DIRECTIONS: Copy every line of the data below exactly as given, except for the pictures.

DATASET SECTION:
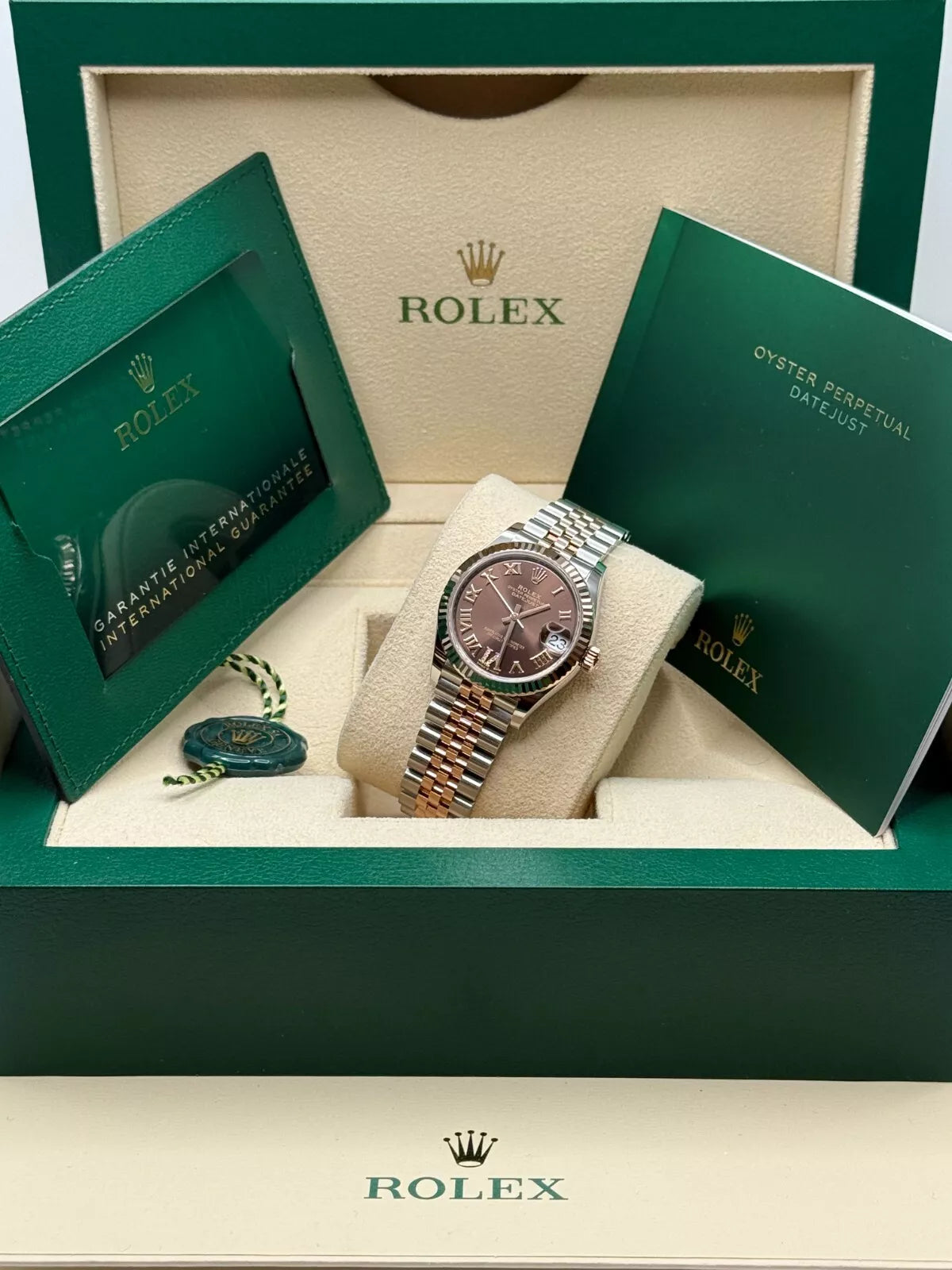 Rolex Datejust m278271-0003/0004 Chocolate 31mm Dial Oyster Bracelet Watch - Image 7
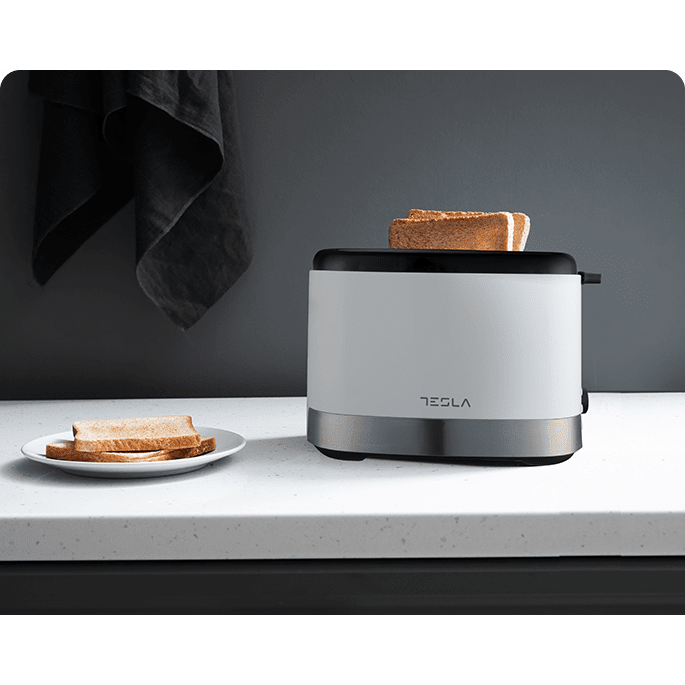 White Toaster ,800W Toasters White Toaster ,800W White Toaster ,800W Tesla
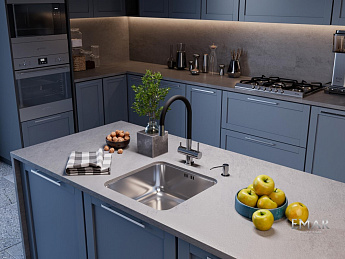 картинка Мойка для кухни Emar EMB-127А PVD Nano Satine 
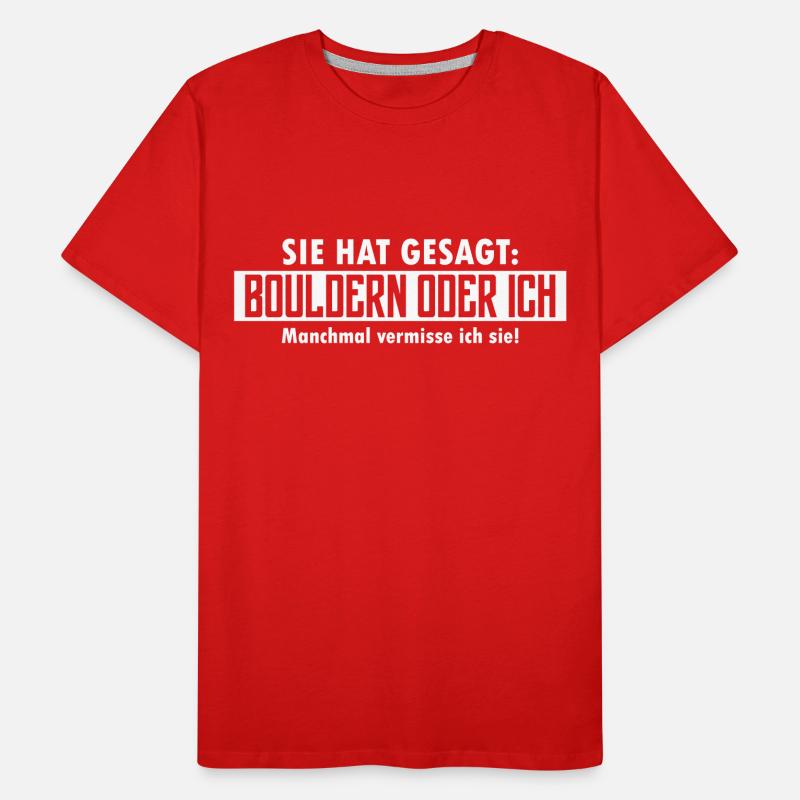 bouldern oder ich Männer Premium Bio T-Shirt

EXPECTED ANSWER:
 Rolex Datejust m278271-0003/0004 Chocolate 31mm Dial Oyster Bracelet Watch - Image 7
 White Toaster ,800W Toasters White Toaster ,800W White Toaster ,800W Tesla
 картинка Мойка для кухни Emar EMB-127А PVD Nano Satine 
 bouldern oder ich Männer Premium Bio T-Shirt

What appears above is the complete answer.